A topographic map visualizes, limited by its scale, the Earth’s surface as accurately as possible. This may include infrastructure (e.g. railways and roads), land use (e.g. vegetation and built-up areas), relief, hydrology, geographic names and a reference grid.
Thematic maps represent the distribution of particular themes. One can distinguish between socio-economic themes and physical themes.
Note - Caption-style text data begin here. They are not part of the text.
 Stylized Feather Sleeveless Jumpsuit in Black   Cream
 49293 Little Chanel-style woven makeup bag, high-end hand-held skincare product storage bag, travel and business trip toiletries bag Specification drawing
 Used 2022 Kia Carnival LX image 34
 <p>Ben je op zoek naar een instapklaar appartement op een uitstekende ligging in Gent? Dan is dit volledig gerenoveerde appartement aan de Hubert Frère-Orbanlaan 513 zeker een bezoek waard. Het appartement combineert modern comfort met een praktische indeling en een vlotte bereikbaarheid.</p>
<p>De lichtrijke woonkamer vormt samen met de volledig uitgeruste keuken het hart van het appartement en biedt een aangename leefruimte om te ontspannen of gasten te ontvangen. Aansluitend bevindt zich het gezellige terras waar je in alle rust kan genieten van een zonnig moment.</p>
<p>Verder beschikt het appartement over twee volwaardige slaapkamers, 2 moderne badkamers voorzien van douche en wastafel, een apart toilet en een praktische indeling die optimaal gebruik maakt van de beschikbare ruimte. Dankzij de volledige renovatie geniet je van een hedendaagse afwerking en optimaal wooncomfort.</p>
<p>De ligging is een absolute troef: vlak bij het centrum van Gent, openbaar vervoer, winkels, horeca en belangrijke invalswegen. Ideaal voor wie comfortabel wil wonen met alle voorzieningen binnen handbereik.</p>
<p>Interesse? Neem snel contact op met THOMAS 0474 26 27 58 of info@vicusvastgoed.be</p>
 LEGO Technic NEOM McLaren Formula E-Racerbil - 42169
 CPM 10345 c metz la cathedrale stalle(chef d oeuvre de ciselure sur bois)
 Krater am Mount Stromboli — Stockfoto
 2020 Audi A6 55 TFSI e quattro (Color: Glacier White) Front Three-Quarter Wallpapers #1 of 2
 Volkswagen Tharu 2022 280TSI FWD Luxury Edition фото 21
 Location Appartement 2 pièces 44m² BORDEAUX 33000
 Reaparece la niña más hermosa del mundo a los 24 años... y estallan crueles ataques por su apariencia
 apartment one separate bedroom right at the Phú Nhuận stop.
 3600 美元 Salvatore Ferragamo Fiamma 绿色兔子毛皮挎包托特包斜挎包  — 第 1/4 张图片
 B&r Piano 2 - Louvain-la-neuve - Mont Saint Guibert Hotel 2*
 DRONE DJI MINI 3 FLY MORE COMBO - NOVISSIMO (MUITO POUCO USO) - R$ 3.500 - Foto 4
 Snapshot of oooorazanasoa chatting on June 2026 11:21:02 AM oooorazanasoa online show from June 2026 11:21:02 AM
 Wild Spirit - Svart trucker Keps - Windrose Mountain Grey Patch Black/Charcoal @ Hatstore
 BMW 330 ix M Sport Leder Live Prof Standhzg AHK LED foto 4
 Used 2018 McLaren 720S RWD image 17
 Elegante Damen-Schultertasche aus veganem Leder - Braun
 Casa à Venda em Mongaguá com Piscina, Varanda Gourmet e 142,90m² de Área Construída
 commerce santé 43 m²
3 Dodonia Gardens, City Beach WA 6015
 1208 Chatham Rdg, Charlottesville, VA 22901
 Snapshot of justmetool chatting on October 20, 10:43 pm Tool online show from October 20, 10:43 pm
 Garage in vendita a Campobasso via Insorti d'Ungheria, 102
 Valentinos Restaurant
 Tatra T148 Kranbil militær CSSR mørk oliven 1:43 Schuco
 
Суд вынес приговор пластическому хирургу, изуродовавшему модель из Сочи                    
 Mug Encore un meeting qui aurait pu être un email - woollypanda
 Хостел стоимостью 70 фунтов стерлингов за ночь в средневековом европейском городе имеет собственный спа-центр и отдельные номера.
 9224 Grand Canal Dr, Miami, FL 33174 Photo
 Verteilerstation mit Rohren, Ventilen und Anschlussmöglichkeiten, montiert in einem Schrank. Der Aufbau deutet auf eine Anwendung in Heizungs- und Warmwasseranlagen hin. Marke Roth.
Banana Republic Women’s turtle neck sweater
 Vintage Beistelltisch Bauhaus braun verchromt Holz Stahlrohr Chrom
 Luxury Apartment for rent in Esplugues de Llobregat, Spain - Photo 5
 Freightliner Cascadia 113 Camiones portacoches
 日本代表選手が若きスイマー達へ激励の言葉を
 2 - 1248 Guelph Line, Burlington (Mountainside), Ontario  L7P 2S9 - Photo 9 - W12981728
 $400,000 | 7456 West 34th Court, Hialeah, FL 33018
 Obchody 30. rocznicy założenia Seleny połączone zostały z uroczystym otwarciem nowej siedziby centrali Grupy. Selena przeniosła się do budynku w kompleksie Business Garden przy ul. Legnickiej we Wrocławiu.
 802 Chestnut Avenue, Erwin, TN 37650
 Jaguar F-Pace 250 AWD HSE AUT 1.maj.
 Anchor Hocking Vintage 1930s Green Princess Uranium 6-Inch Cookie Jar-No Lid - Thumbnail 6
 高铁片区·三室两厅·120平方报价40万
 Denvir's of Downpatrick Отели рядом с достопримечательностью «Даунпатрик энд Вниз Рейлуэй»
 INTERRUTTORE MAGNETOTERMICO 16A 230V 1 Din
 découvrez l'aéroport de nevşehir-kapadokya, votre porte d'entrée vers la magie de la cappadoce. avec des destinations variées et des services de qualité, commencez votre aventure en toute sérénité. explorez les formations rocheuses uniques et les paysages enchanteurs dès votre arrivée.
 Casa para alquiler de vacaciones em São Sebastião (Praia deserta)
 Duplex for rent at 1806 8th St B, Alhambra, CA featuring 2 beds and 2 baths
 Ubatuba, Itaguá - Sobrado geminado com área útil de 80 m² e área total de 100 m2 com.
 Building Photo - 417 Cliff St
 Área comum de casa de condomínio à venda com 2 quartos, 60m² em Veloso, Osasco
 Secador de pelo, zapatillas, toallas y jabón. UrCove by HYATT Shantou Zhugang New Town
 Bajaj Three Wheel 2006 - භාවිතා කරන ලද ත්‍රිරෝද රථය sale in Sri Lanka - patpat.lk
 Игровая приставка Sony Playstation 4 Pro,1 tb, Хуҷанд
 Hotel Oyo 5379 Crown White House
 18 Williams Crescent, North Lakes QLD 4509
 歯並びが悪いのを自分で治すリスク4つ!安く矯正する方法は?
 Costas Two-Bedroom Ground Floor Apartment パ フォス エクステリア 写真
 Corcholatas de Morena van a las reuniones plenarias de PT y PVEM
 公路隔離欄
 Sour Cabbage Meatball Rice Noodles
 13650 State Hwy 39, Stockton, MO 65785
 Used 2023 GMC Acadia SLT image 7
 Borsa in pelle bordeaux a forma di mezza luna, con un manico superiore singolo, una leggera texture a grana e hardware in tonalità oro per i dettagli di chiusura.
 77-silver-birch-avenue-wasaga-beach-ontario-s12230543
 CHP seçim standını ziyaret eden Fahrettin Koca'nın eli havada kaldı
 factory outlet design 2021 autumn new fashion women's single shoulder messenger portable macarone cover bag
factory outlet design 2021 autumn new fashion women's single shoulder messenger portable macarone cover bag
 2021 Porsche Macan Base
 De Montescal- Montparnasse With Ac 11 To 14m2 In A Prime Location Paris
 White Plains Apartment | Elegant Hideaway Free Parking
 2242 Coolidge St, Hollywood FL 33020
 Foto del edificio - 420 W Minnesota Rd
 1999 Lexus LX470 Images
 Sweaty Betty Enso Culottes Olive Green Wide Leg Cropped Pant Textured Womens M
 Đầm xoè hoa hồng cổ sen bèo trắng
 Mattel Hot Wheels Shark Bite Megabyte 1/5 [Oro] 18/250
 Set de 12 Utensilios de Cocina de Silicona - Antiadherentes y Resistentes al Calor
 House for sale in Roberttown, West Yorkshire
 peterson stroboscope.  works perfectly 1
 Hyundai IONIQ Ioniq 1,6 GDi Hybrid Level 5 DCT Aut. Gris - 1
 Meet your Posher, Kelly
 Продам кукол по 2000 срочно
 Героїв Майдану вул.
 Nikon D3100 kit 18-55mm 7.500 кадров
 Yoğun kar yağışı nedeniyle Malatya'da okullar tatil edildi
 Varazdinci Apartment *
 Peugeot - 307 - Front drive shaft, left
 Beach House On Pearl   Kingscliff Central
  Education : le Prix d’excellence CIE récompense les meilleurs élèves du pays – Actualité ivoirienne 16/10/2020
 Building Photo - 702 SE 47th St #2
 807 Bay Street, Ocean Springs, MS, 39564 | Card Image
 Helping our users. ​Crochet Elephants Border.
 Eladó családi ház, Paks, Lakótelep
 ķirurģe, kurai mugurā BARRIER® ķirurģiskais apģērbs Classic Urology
Thematic maps also contain some information found in the topographic maps. The amount of topographic information required depends on the map theme. In general, a physical map will need more topographic data than most socio-economic maps, which normally only need administrative boundaries. The map of drainage areas should have had rivers and canals added, while the inclusion of relief would also have made sense. Today’s digital environment has diminished the distinction between topographic and thematic maps. Often, both topographic and thematic maps are stored in a database as separate data layers. Each layer contains data on a particular topic and the user is able to switch layers on or off at will.
The design of topographic maps is mostly based on conventions, some of which date back several centuries. Take, for example the following colour conventions: water in blue, forests in green, major roads in red, and urban areas in black. The design of thematic maps, however, should be based on a set of cartographic rules, also called cartographic grammar.
Suppose that one wants to quantify land use changes in a certain area between 1990 and the current year. Two data sets (from 1990 and, say, 2008) can be combined with an Overlay Analysis. The result of such a spatial analysis could be a spatial data layer from which a map can be produced to show the differences. The parameters used during the operation are based on models developed by the application at hand. It is easy to imagine that maps can play a role during this process of working with a GIS, by showing intermediate and final results of the GIS operations. Clearly, maps are no longer the only final product, which they used to be.
Maps can further be distinguished according to the dimensions of spatial data that are graphically represented. GIS users also try to solve problems that deal with three-dimensional reality or with change processes. This results in a demand for other than just two-dimensional maps to represent geographic reality. Threedimensional and even four-dimensional (namely, including time) maps are then required. New visualization techniques for these demands have been developed.
Figure 1 shows a small-scale topographic map (with text omitted) of Overijssel, the Dutch province in which Enschede is located.
Thematic maps can have socio-economic themes and physical themes. The map in Figure 2a, showing population density in Overijssel, is an example of the first and the map in Figure 2b, displaying the province’s drainage areas, is an example of the second.
As can be observed, both thematic maps also contain some information found in the topographic map (Figure 1), so as to provide a geographic reference to the theme represented.
Figure 3 shows the dimensionality of geographic objects and their graphic representation. Part (a) shows a map of the ITC building and its surroundings, while part (b) provides a three-dimensional view of the building. Figure 3c shows the effect of change, at three moments in time during the construction of the building.